Work request> Every line in the entries that holds "Rayon" should be identified and copied.

(Given data)

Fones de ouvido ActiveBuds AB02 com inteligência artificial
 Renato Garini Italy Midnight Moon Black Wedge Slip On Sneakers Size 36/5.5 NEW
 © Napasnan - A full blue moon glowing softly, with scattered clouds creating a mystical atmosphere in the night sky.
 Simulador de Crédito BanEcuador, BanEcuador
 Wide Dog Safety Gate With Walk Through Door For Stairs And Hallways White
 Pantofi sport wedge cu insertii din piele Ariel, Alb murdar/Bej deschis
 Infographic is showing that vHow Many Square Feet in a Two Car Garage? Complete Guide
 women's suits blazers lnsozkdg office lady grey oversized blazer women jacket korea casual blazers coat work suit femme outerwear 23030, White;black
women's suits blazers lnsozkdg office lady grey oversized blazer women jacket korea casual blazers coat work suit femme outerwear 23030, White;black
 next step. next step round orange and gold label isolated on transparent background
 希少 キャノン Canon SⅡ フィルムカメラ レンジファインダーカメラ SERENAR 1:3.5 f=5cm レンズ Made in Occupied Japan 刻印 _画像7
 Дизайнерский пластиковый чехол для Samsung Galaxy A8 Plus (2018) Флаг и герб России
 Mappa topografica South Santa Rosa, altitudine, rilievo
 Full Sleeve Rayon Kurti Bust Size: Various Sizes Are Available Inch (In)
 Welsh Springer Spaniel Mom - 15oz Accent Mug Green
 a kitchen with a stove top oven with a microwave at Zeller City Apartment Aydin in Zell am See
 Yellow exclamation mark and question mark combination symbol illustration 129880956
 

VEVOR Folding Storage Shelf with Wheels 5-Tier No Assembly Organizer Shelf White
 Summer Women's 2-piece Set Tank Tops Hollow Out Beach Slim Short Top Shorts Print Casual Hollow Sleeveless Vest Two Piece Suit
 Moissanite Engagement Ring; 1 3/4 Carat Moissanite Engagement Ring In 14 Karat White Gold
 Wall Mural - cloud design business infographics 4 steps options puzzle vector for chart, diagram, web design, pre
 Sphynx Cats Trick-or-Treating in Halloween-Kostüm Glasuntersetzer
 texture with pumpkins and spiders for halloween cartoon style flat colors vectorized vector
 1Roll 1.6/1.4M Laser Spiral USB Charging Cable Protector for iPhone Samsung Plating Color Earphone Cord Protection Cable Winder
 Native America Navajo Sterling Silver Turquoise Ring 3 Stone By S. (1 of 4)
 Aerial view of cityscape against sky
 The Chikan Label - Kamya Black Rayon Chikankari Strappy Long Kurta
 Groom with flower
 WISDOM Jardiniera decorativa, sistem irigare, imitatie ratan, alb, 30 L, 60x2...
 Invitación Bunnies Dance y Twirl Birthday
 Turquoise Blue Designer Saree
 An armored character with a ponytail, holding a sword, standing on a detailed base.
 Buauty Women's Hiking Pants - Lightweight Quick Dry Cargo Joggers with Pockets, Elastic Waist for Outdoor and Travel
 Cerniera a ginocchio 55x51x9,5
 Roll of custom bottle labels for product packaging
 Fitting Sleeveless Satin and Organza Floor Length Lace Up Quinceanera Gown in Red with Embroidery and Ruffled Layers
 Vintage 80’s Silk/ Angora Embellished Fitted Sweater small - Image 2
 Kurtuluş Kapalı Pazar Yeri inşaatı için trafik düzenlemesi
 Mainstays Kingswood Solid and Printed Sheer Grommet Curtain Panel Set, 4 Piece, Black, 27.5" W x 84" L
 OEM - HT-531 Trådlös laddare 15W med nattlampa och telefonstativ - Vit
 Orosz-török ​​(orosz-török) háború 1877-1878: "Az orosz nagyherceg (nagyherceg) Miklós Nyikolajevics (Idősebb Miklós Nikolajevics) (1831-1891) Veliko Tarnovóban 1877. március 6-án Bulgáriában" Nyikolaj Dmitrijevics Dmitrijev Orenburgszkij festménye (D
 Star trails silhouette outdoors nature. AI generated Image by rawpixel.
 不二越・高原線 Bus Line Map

(End Given data)

Task response>
 Full Sleeve Rayon Kurti Bust Size: Various Sizes Are Available Inch (In)
 The Chikan Label - Kamya Black Rayon Chikankari Strappy Long Kurta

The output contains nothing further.